_Supplied information_
==*==
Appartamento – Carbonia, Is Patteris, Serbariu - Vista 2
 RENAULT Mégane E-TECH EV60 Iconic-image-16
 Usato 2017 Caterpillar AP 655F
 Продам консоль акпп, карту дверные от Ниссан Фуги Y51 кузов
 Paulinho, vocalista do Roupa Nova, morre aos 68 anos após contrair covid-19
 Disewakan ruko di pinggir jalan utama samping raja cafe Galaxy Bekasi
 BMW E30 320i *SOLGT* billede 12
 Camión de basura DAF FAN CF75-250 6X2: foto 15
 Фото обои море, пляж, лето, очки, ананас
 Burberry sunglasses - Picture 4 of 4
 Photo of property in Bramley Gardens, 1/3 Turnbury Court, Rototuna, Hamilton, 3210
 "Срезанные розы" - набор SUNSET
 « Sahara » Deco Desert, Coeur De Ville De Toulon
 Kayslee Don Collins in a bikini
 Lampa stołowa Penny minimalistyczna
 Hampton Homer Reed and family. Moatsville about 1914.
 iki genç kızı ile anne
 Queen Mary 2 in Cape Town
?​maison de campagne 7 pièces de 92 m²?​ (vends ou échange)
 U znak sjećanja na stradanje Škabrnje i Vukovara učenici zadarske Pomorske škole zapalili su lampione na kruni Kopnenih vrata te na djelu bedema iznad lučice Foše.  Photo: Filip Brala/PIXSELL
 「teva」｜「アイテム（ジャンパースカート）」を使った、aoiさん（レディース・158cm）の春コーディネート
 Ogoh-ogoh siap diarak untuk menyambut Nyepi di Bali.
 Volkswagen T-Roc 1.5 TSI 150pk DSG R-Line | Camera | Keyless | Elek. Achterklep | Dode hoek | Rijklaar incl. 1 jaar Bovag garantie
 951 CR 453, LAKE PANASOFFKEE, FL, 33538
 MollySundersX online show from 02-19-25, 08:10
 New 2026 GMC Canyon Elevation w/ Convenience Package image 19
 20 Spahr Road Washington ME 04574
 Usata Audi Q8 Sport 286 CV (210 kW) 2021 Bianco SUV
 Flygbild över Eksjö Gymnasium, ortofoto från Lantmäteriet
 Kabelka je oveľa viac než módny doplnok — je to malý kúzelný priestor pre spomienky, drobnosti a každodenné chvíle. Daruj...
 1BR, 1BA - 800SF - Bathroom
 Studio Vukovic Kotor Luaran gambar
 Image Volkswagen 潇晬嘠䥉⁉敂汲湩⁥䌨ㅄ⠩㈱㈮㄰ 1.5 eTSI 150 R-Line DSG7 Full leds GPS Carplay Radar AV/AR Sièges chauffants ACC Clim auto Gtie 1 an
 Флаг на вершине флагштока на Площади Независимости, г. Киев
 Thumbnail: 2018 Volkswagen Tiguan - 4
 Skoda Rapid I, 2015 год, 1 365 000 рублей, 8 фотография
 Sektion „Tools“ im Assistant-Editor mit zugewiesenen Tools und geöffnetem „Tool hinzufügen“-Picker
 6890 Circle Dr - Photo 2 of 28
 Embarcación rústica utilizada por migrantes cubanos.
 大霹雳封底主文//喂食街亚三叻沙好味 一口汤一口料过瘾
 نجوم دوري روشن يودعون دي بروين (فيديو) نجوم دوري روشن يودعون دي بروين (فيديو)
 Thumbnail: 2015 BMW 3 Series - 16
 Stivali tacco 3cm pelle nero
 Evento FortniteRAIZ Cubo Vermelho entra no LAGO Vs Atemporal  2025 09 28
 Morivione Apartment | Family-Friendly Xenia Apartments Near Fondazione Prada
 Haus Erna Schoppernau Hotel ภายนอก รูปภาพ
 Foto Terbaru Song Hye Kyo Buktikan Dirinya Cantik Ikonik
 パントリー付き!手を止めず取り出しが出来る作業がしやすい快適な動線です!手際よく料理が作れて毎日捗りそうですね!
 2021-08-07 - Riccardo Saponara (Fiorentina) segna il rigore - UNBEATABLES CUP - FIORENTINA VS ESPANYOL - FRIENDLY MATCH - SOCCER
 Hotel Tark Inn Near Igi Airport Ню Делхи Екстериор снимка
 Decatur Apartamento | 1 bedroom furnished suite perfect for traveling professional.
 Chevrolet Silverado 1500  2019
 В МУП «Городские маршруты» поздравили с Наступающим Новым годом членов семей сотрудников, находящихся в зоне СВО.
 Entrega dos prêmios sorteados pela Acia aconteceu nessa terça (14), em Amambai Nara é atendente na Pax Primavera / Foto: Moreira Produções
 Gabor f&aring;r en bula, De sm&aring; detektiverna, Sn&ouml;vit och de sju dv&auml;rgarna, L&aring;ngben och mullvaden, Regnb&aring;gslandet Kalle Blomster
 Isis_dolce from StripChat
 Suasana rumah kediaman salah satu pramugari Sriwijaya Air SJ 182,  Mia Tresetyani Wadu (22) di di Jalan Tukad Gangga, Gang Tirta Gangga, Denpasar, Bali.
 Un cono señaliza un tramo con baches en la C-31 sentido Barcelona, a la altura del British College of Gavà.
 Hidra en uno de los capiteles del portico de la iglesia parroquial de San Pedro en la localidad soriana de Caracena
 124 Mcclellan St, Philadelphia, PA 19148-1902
==*==
_Task prompt_
Go through the material above and output exactly the lines from the one containing "Foto Terbaru Song" through the one containing "Hotel Tark Inn".

_Solved exercise_
 Foto Terbaru Song Hye Kyo Buktikan Dirinya Cantik Ikonik
 パントリー付き!手を止めず取り出しが出来る作業がしやすい快適な動線です!手際よく料理が作れて毎日捗りそうですね!
 2021-08-07 - Riccardo Saponara (Fiorentina) segna il rigore - UNBEATABLES CUP - FIORENTINA VS ESPANYOL - FRIENDLY MATCH - SOCCER
 Hotel Tark Inn Near Igi Airport Ню Делхи Екстериор снимка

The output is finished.